_What the task asks:_ Write out again, unchanged, the line that has "que sobresalen las" and each following line through the end of the entries below; leave pictures out.

[Web page caption snippets]
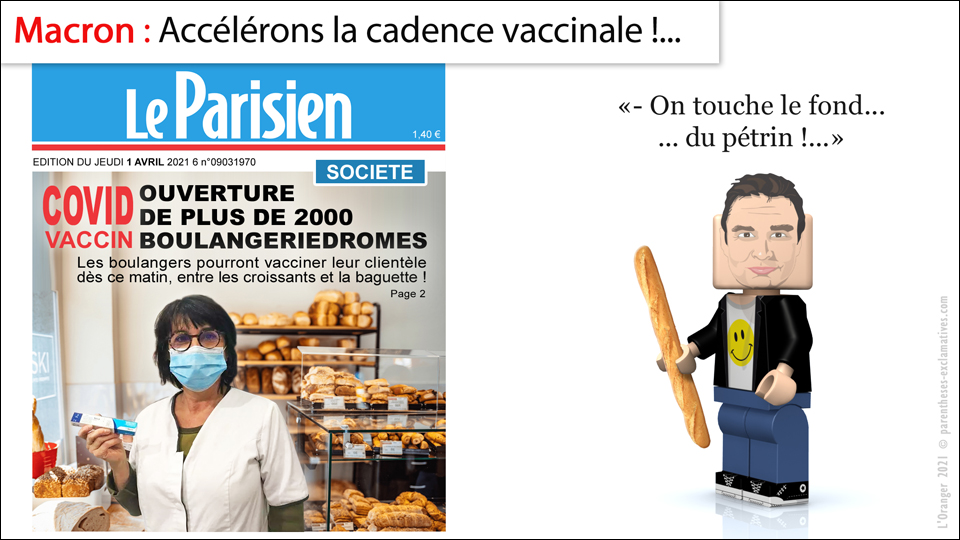 - Macron : Accélérons la cadence vaccinale - On touche le fond, ...du pétrin !...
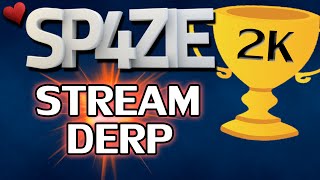 ♥ Stream Derp - #63 SCHEDULED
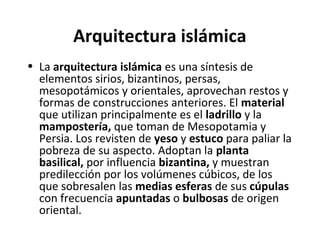Arquitectura islámica
• La arquitectura islámica es una síntesis de
elementos sirios, bizantinos, persas,
mesopotámicos y orientales, aprovechan restos y
formas de construcciones anteriores. El material
que utilizan principalmente es el ladrillo y la
mampostería, que toman de Mesopotamia y
Persia. Los revisten de yeso y estuco para paliar la
pobreza de su aspecto. Adoptan la planta
basilical, por influencia bizantina, y muestran
predilección por los volúmenes cúbicos, de los
que sobresalen las medias esferas de sus cúpulas
con frecuencia apuntadas o bulbosas de origen
oriental.
 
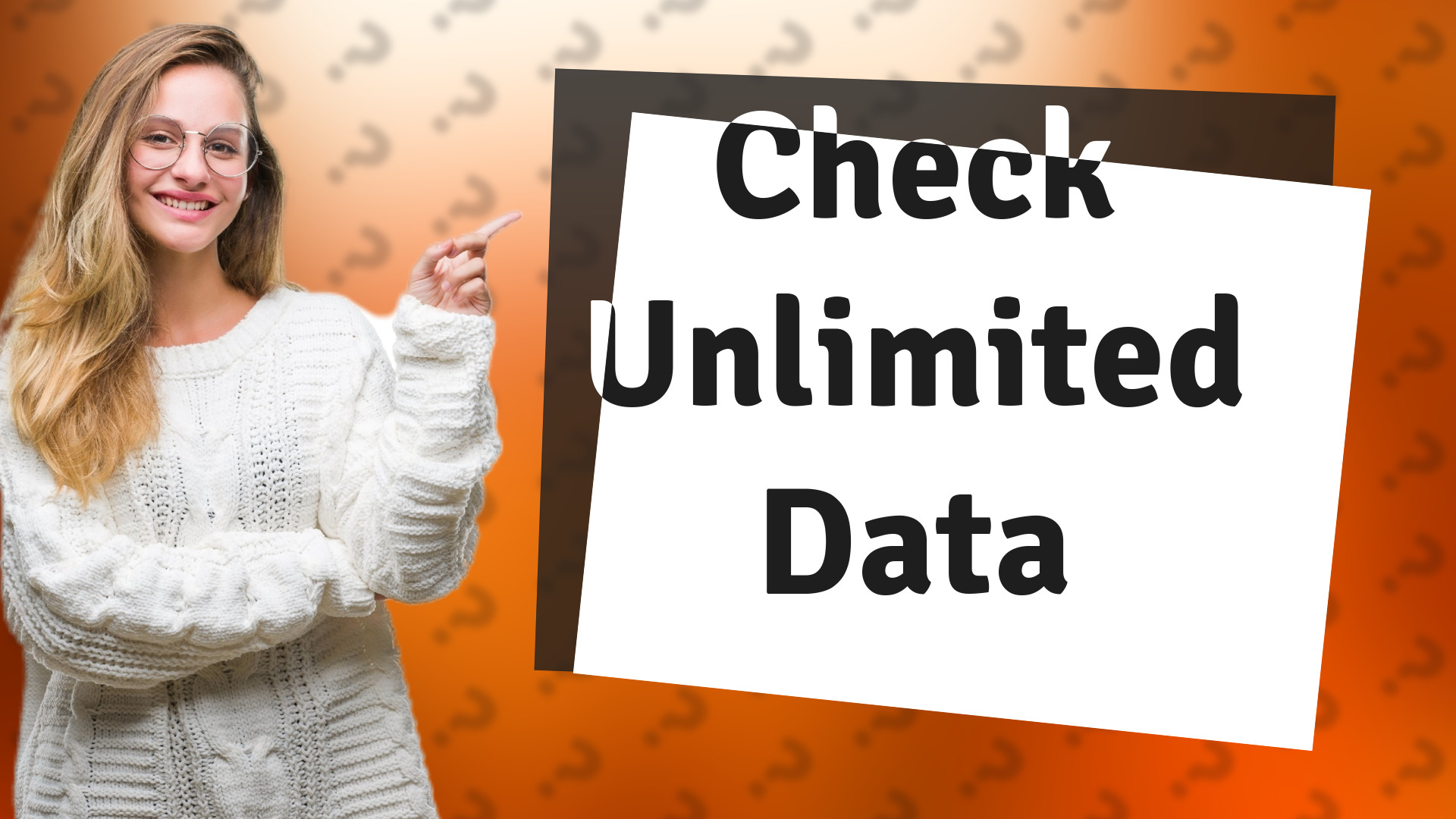 Check Unlimited Data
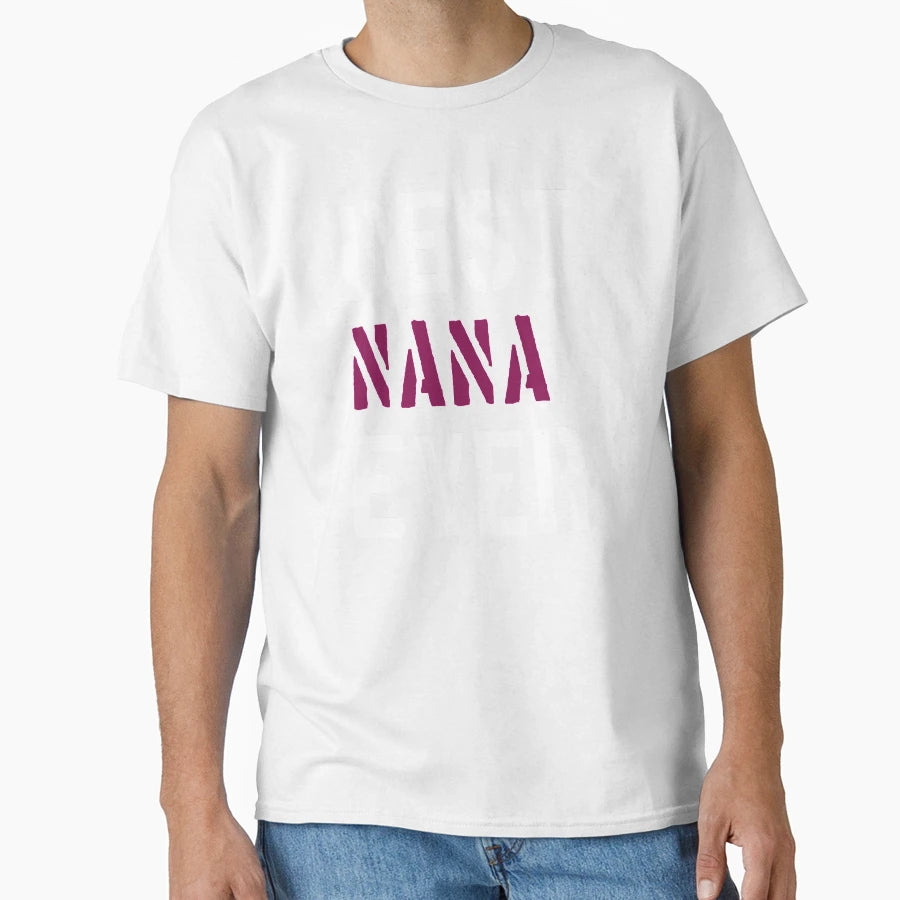Best Nana Ever Quotes T-Shirt - Unique Graphic for Adults - T-Shirt, Sweatshirt, Hoodie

_Task response:_
que sobresalen las medias esferas de sus cúpulas
con frecuencia apuntadas o bulbosas de origen
oriental.
 
 Check Unlimited Data
Best Nana Ever Quotes T-Shirt - Unique Graphic for Adults - T-Shirt, Sweatshirt, Hoodie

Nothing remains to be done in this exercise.